[EXTRACTED INFORMATION]:
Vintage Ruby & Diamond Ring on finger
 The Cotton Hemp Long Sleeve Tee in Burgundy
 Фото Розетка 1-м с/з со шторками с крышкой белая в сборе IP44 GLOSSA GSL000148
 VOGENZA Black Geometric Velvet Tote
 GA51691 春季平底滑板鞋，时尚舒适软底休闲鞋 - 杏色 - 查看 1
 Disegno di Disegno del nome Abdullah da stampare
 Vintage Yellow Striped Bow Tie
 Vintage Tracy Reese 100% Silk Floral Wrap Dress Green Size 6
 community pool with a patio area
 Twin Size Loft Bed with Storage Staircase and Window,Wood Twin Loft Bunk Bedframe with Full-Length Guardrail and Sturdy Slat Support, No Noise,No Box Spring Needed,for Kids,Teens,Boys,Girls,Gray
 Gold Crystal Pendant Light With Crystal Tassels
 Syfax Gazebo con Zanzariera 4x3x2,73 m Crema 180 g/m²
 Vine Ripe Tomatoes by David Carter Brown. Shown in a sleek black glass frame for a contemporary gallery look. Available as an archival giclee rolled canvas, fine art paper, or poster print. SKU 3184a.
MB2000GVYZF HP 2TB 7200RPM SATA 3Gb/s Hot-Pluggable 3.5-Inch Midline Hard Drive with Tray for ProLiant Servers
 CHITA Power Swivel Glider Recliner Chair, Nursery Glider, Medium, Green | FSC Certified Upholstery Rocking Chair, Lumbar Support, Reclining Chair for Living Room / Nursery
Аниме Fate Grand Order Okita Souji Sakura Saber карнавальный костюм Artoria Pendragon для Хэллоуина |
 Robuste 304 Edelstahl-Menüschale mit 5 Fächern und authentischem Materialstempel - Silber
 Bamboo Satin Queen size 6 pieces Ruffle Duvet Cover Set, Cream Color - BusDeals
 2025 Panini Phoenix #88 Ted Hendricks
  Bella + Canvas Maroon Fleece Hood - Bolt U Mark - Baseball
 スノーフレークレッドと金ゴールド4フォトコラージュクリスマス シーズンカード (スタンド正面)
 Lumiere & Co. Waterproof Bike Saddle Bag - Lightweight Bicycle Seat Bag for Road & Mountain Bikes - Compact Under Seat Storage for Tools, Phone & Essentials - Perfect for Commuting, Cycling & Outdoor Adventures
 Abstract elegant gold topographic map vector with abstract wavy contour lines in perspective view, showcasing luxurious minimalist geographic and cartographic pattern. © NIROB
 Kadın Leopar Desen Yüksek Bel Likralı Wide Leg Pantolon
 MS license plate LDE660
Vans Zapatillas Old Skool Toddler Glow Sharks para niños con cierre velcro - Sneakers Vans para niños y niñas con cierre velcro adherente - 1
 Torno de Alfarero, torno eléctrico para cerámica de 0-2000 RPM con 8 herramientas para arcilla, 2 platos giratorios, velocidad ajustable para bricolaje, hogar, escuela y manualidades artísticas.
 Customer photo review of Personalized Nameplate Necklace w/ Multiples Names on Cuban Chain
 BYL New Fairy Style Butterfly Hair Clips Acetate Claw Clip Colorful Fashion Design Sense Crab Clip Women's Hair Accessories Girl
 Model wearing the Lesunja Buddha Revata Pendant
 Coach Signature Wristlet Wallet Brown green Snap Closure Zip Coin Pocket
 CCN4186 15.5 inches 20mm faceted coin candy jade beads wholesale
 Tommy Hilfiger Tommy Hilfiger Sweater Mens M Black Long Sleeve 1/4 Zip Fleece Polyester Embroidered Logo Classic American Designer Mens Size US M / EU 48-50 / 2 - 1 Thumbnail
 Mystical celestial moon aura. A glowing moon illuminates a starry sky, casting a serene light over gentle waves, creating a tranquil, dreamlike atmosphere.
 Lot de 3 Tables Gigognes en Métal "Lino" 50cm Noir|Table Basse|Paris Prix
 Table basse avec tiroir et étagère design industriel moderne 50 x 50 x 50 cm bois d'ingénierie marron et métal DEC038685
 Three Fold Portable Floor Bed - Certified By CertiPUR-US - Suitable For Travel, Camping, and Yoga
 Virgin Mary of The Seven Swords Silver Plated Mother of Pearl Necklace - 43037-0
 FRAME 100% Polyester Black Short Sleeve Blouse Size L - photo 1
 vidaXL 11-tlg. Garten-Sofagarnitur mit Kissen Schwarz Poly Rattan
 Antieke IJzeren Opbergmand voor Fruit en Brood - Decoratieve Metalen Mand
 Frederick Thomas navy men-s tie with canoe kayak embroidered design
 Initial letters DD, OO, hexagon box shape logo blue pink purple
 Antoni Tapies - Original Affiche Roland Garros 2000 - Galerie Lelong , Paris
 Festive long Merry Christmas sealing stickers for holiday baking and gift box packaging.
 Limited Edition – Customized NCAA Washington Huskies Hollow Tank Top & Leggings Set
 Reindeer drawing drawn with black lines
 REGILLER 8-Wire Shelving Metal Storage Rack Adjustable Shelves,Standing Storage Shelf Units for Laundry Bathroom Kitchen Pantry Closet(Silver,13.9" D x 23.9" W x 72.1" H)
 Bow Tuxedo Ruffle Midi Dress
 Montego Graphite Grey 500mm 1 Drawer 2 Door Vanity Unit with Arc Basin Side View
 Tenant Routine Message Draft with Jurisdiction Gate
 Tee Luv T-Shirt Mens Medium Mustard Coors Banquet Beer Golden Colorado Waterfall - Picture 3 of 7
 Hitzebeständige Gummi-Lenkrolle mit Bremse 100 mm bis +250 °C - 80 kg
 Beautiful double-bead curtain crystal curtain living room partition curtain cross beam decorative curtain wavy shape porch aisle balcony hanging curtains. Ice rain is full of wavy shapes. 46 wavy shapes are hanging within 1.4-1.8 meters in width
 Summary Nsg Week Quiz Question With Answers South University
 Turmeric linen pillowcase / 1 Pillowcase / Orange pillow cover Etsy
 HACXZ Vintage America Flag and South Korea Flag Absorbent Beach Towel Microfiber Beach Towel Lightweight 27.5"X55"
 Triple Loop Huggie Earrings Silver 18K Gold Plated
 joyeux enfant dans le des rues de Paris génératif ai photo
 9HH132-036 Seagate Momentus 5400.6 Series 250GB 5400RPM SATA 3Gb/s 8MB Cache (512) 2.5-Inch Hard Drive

[WHAT IS BEING ASKED]:
Reproduce every line above. Keep it exact.

[WRITTEN RESPONSE]:
Vintage Ruby & Diamond Ring on finger
 The Cotton Hemp Long Sleeve Tee in Burgundy
 Фото Розетка 1-м с/з со шторками с крышкой белая в сборе IP44 GLOSSA GSL000148
 VOGENZA Black Geometric Velvet Tote
 GA51691 春季平底滑板鞋，时尚舒适软底休闲鞋 - 杏色 - 查看 1
 Disegno di Disegno del nome Abdullah da stampare
 Vintage Yellow Striped Bow Tie
 Vintage Tracy Reese 100% Silk Floral Wrap Dress Green Size 6
 community pool with a patio area
 Twin Size Loft Bed with Storage Staircase and Window,Wood Twin Loft Bunk Bedframe with Full-Length Guardrail and Sturdy Slat Support, No Noise,No Box Spring Needed,for Kids,Teens,Boys,Girls,Gray
 Gold Crystal Pendant Light With Crystal Tassels
 Syfax Gazebo con Zanzariera 4x3x2,73 m Crema 180 g/m²
 Vine Ripe Tomatoes by David Carter Brown. Shown in a sleek black glass frame for a contemporary gallery look. Available as an archival giclee rolled canvas, fine art paper, or poster print. SKU 3184a.
MB2000GVYZF HP 2TB 7200RPM SATA 3Gb/s Hot-Pluggable 3.5-Inch Midline Hard Drive with Tray for ProLiant Servers
 CHITA Power Swivel Glider Recliner Chair, Nursery Glider, Medium, Green | FSC Certified Upholstery Rocking Chair, Lumbar Support, Reclining Chair for Living Room / Nursery
Аниме Fate Grand Order Okita Souji Sakura Saber карнавальный костюм Artoria Pendragon для Хэллоуина |
 Robuste 304 Edelstahl-Menüschale mit 5 Fächern und authentischem Materialstempel - Silber
 Bamboo Satin Queen size 6 pieces Ruffle Duvet Cover Set, Cream Color - BusDeals
 2025 Panini Phoenix #88 Ted Hendricks
  Bella + Canvas Maroon Fleece Hood - Bolt U Mark - Baseball
 スノーフレークレッドと金ゴールド4フォトコラージュクリスマス シーズンカード (スタンド正面)
 Lumiere & Co. Waterproof Bike Saddle Bag - Lightweight Bicycle Seat Bag for Road & Mountain Bikes - Compact Under Seat Storage for Tools, Phone & Essentials - Perfect for Commuting, Cycling & Outdoor Adventures
 Abstract elegant gold topographic map vector with abstract wavy contour lines in perspective view, showcasing luxurious minimalist geographic and cartographic pattern. © NIROB
 Kadın Leopar Desen Yüksek Bel Likralı Wide Leg Pantolon
 MS license plate LDE660
Vans Zapatillas Old Skool Toddler Glow Sharks para niños con cierre velcro - Sneakers Vans para niños y niñas con cierre velcro adherente - 1
 Torno de Alfarero, torno eléctrico para cerámica de 0-2000 RPM con 8 herramientas para arcilla, 2 platos giratorios, velocidad ajustable para bricolaje, hogar, escuela y manualidades artísticas.
 Customer photo review of Personalized Nameplate Necklace w/ Multiples Names on Cuban Chain
 BYL New Fairy Style Butterfly Hair Clips Acetate Claw Clip Colorful Fashion Design Sense Crab Clip Women's Hair Accessories Girl
 Model wearing the Lesunja Buddha Revata Pendant
 Coach Signature Wristlet Wallet Brown green Snap Closure Zip Coin Pocket
 CCN4186 15.5 inches 20mm faceted coin candy jade beads wholesale
 Tommy Hilfiger Tommy Hilfiger Sweater Mens M Black Long Sleeve 1/4 Zip Fleece Polyester Embroidered Logo Classic American Designer Mens Size US M / EU 48-50 / 2 - 1 Thumbnail
 Mystical celestial moon aura. A glowing moon illuminates a starry sky, casting a serene light over gentle waves, creating a tranquil, dreamlike atmosphere.
 Lot de 3 Tables Gigognes en Métal "Lino" 50cm Noir|Table Basse|Paris Prix
 Table basse avec tiroir et étagère design industriel moderne 50 x 50 x 50 cm bois d'ingénierie marron et métal DEC038685
 Three Fold Portable Floor Bed - Certified By CertiPUR-US - Suitable For Travel, Camping, and Yoga
 Virgin Mary of The Seven Swords Silver Plated Mother of Pearl Necklace - 43037-0
 FRAME 100% Polyester Black Short Sleeve Blouse Size L - photo 1
 vidaXL 11-tlg. Garten-Sofagarnitur mit Kissen Schwarz Poly Rattan
 Antieke IJzeren Opbergmand voor Fruit en Brood - Decoratieve Metalen Mand
 Frederick Thomas navy men-s tie with canoe kayak embroidered design
 Initial letters DD, OO, hexagon box shape logo blue pink purple
 Antoni Tapies - Original Affiche Roland Garros 2000 - Galerie Lelong , Paris
 Festive long Merry Christmas sealing stickers for holiday baking and gift box packaging.
 Limited Edition – Customized NCAA Washington Huskies Hollow Tank Top & Leggings Set
 Reindeer drawing drawn with black lines
 REGILLER 8-Wire Shelving Metal Storage Rack Adjustable Shelves,Standing Storage Shelf Units for Laundry Bathroom Kitchen Pantry Closet(Silver,13.9" D x 23.9" W x 72.1" H)
 Bow Tuxedo Ruffle Midi Dress
 Montego Graphite Grey 500mm 1 Drawer 2 Door Vanity Unit with Arc Basin Side View
 Tenant Routine Message Draft with Jurisdiction Gate
 Tee Luv T-Shirt Mens Medium Mustard Coors Banquet Beer Golden Colorado Waterfall - Picture 3 of 7
 Hitzebeständige Gummi-Lenkrolle mit Bremse 100 mm bis +250 °C - 80 kg
 Beautiful double-bead curtain crystal curtain living room partition curtain cross beam decorative curtain wavy shape porch aisle balcony hanging curtains. Ice rain is full of wavy shapes. 46 wavy shapes are hanging within 1.4-1.8 meters in width
 Summary Nsg Week Quiz Question With Answers South University
 Turmeric linen pillowcase / 1 Pillowcase / Orange pillow cover Etsy
 HACXZ Vintage America Flag and South Korea Flag Absorbent Beach Towel Microfiber Beach Towel Lightweight 27.5"X55"
 Triple Loop Huggie Earrings Silver 18K Gold Plated
 joyeux enfant dans le des rues de Paris génératif ai photo
 9HH132-036 Seagate Momentus 5400.6 Series 250GB 5400RPM SATA 3Gb/s 8MB Cache (512) 2.5-Inch Hard Drive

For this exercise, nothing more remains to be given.